### What this task involves
Would you retype the lines from the one that holds "Rock Garden Homestay" to the final line of the entries below, both ends included and exactly as written, but without pictures?

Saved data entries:
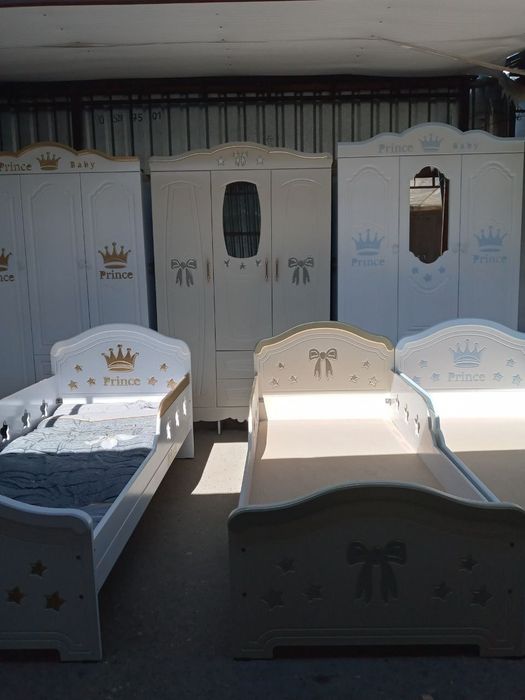 Детская кровать б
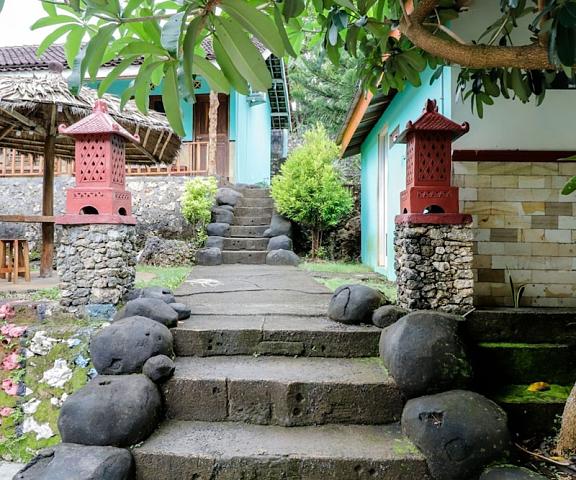Rock Garden Homestay & Resto Central Java Magelang Exterior Detail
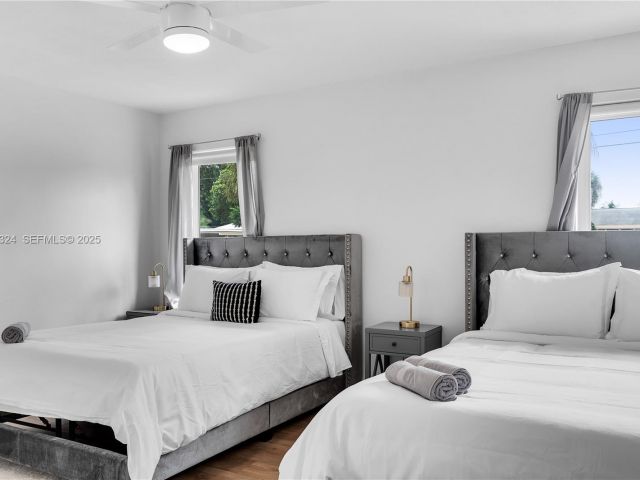 Home for rent at 617 NW 30th Ct 0 - photo 6892491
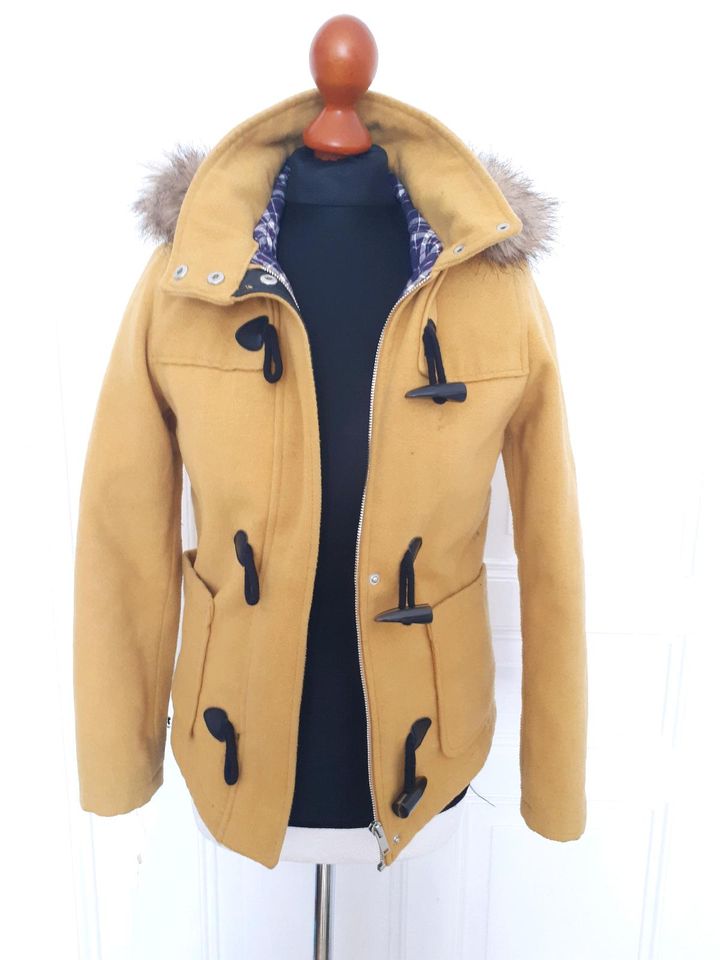 Bershka Duffle Coat gelb, Gr.S/34/36 in Stuttgart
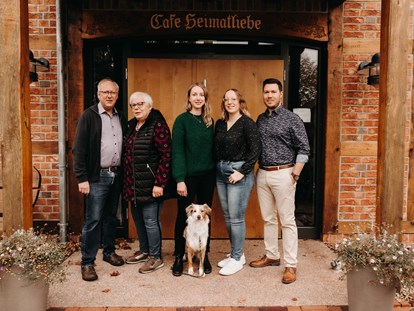 Hundehotel - Hund im Restaurant erlaubt - Familie Okelmann mit Mala - Okelmann's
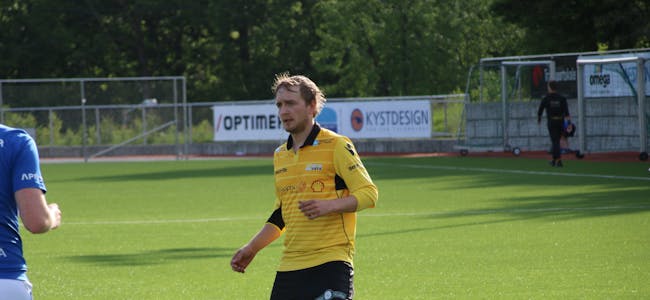 Svein Haldor Skare kjempa godt i kampen mot Rubbestadnes.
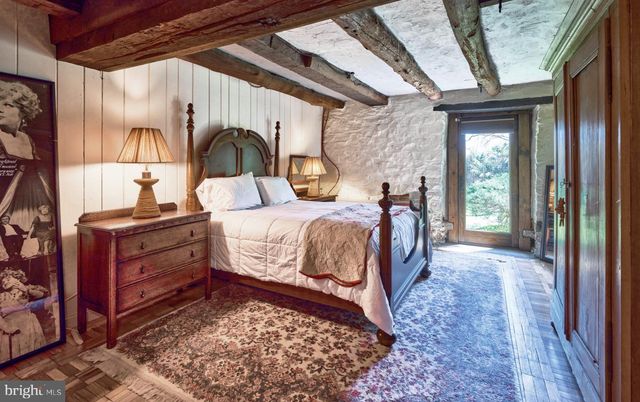 6990 PHILLIPS MILL RD, New Hope, PA 18938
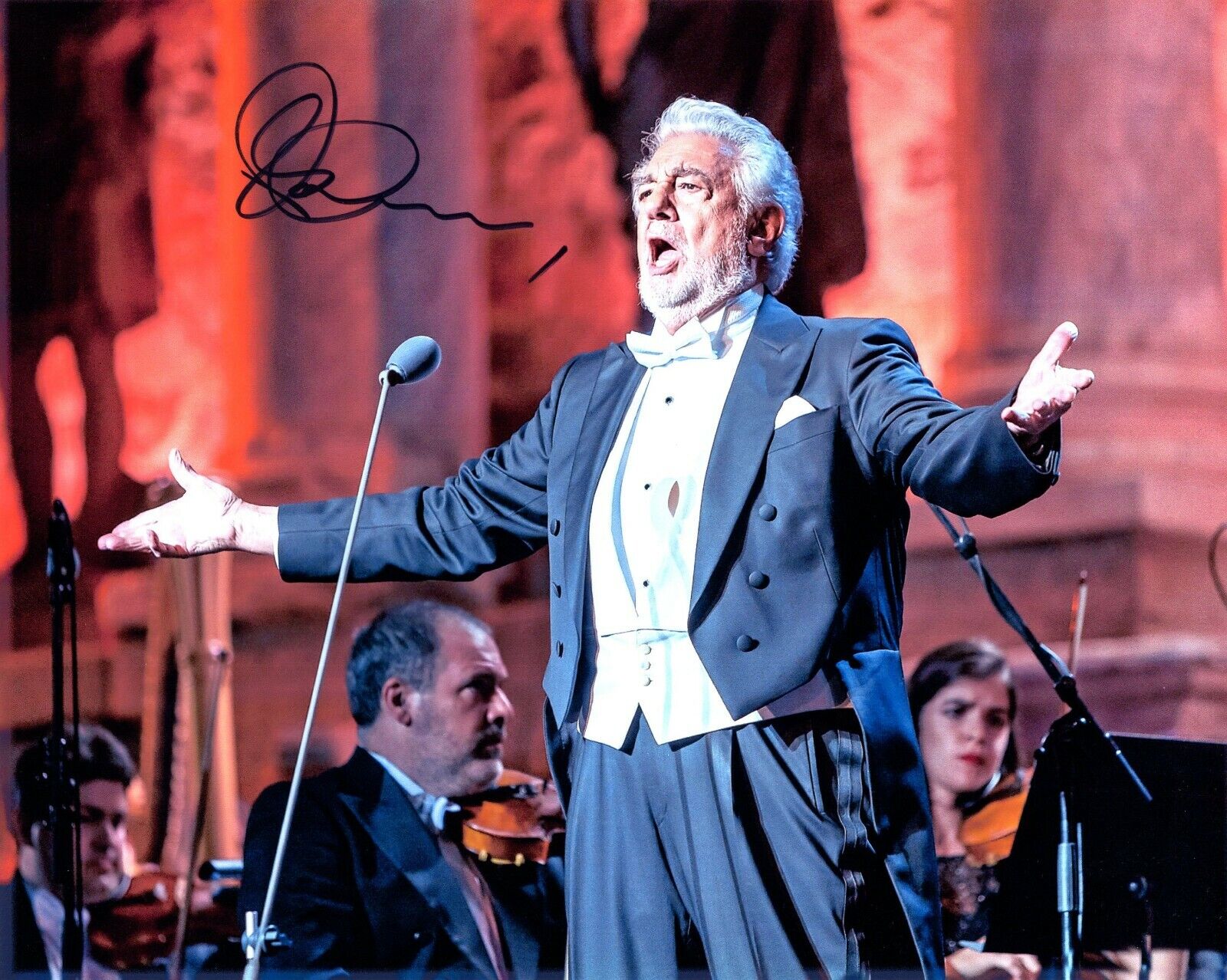 Signed Photo Poster painting of Placido Domingo 10x8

### Result for this task
Rock Garden Homestay & Resto Central Java Magelang Exterior Detail
 Home for rent at 617 NW 30th Ct 0 - photo 6892491
 Bershka Duffle Coat gelb, Gr.S/34/36 in Stuttgart
 Hundehotel - Hund im Restaurant erlaubt - Familie Okelmann mit Mala - Okelmann's
 Svein Haldor Skare kjempa godt i kampen mot Rubbestadnes.
 6990 PHILLIPS MILL RD, New Hope, PA 18938
 Signed Photo Poster painting of Placido Domingo 10x8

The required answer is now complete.